Inuits built their igloos of any suitable material, but to the outside world the term is generally taken to mean a shelter built of snow. There were three traditional types: small, medium and large. Large could have up to five rooms and house 20 or so people. Beginning igloo builders are advised to think small.
As with all structures, you need the right materials. The snow must be well compacted to possess enough structural strength. But it must also be sufficiently yielding to be able to be worked easily. Wind-blown snow whose ice-crystals have become interlocked is the bees knees.
Put on gloves, and cut and trim a number of blocks using a long thin knife. The video (see YouTube reference at bottom of opposite page) shows the best size.

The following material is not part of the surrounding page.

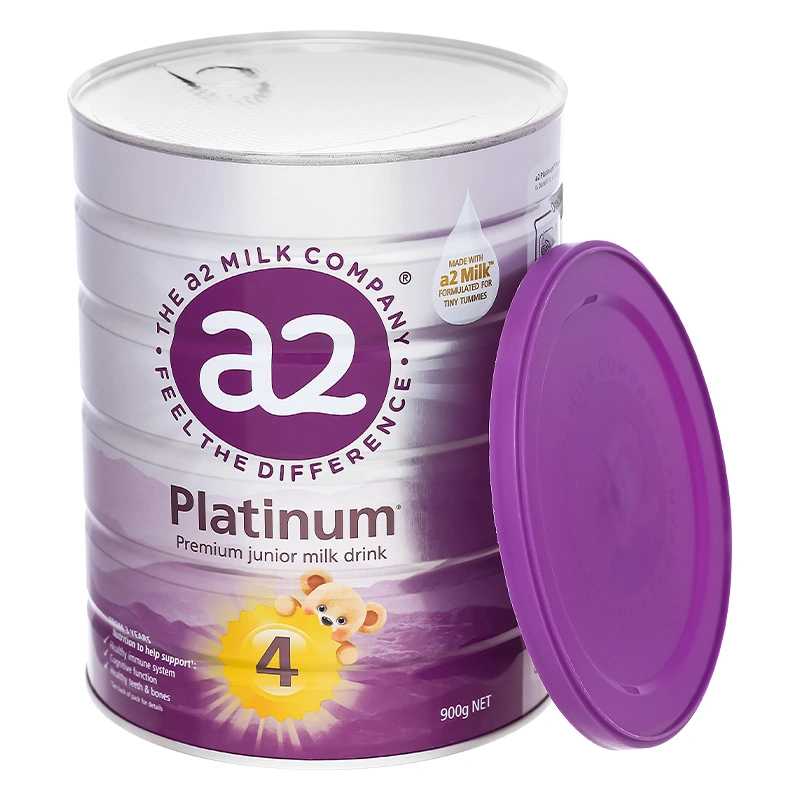 Sữa bột a2 Platinum Premium Junior Milk Drink số 4 lon 900g (từ 3 tuổi) 6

The hole the blocks come from should now be opened up to provide the lower half of the igloo. Decide on the entrance location — away from the prevailing wind is probably best — and dig a short channel into the snow from this point. This will be the entrance passage and will keep the heat in and the wind out.

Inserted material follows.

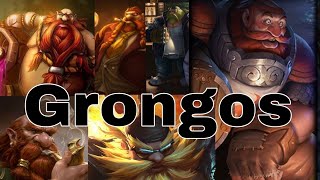 Gragas Jungle stompando e subindo pra platina 4 wild rift 😝 [upl. by Feledy]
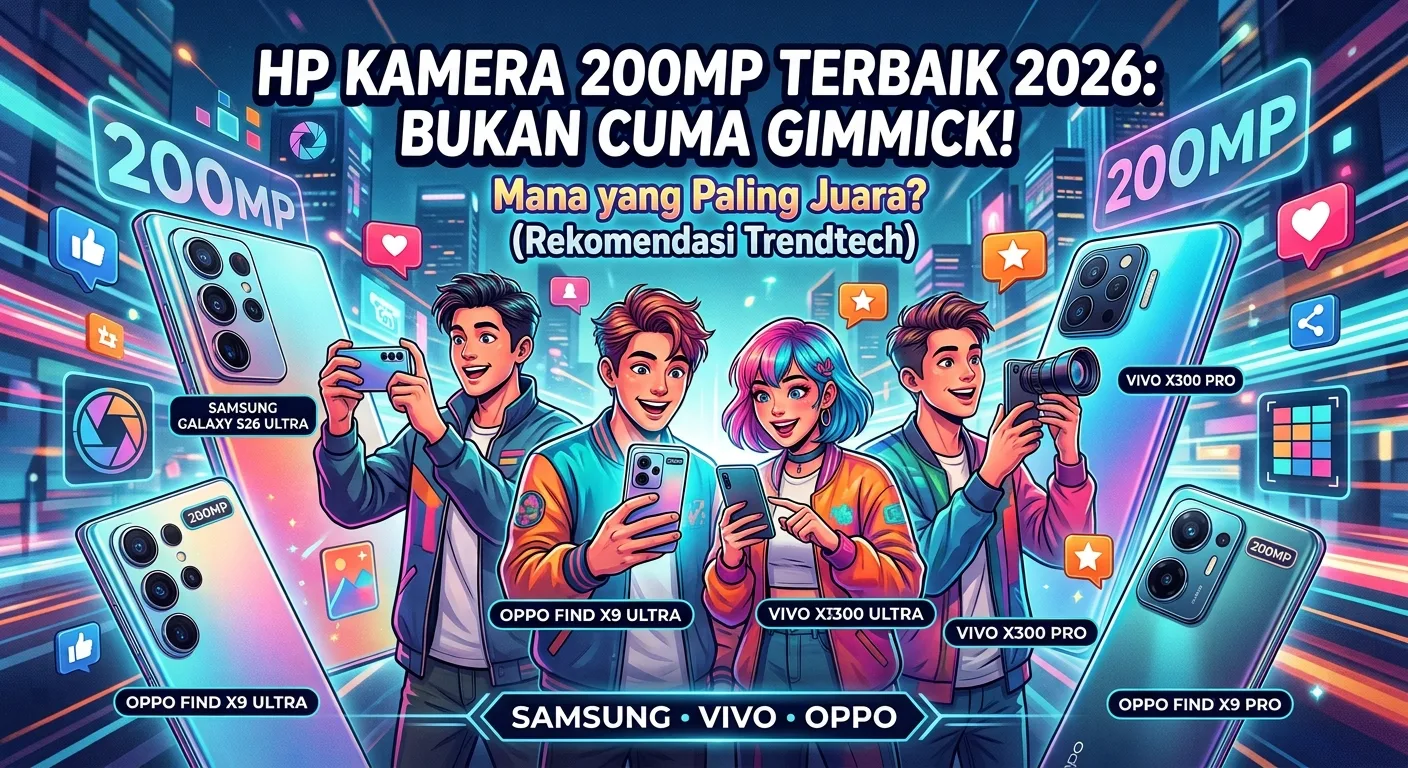 HP Kamera 200MP Terbaik 2026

Architecturally, an igloo is unique. Its dome is raised out of independent blocks leaning on each other and cut to fit in place, without using additional supports during construction.
Stack the blocks in a circle around the hollow in a spiral, in which each block becomes progressively taller. As each is stacked on earlier ones it needs to be pushed down firmly. The pressure causes the snow to melt where the blocks touch. The moisture refreezes and welds the blocks together.

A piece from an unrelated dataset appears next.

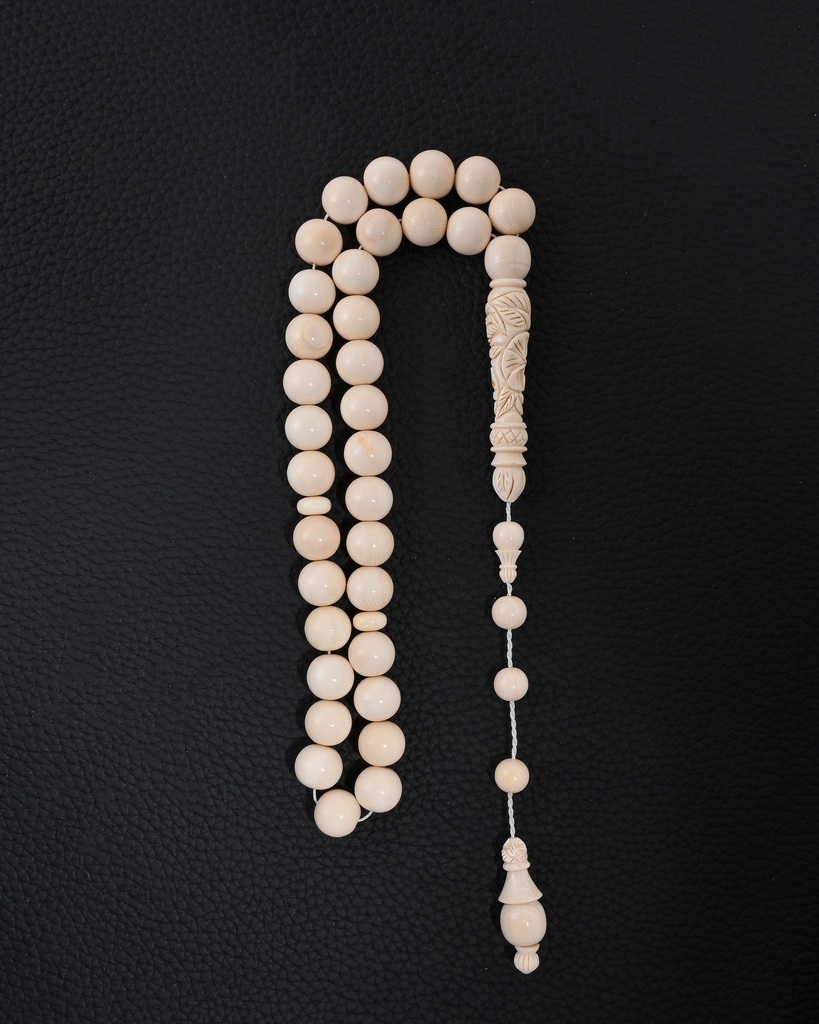 Elephant tusk rosary ROS5512WH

As successive layers build up, fill any residual holes with snow pushed in hard. This provides both mortar and a draught excluder. Continue until the dome is complete. Smooth the exterior with additional snow pushed firmly onto the surface.
An igloo built correctly will support the weight of a person standing on its roof. And in the traditional igloo, heat from the oil lamp causes the interior to melt slightly. The melting and refreezing builds up a layer of ice on the inner side of the dome that contributes to the strength of the igloo.
The sophisticated builder may wish to provide a window. This can be done using a single block of ice inserted in place of one of the snow blocks — after construction is completed. Ice blocks are not easy to come by adjacent to a ski field, and this is perhaps best left for igloos built on the flats, as in Central Otago.
Similarly, igloo builders need to think ahead as to door flaps. A deer or goat skin is ideal. Beds can be made of raised packed snow covered in sheep skins. The higher the beds the more they are warmed by the hot air trapped under the dome roof.
Snow is an excellent insulator. Like expanded polystyrene it comes with built-in air pockets. As a consequence, igloos are surprisingly warm and comfortable. However, heating comes entirely from body heat, and the inside temperature typically ranges from -7°C to a balmy 16°C.
Before you start it might pay to watch a segment of the 1922 documentary Nanook of the North. It shows an experienced Inuit igloo builder at work, demonstrating the use of an ivory knife to cut and trim snow blocks, the stacking of the blocks and how to make and install a window.
It is available on YouTube: www.youtube.com/watch?v=oEEOK6e1nLE&feature=related.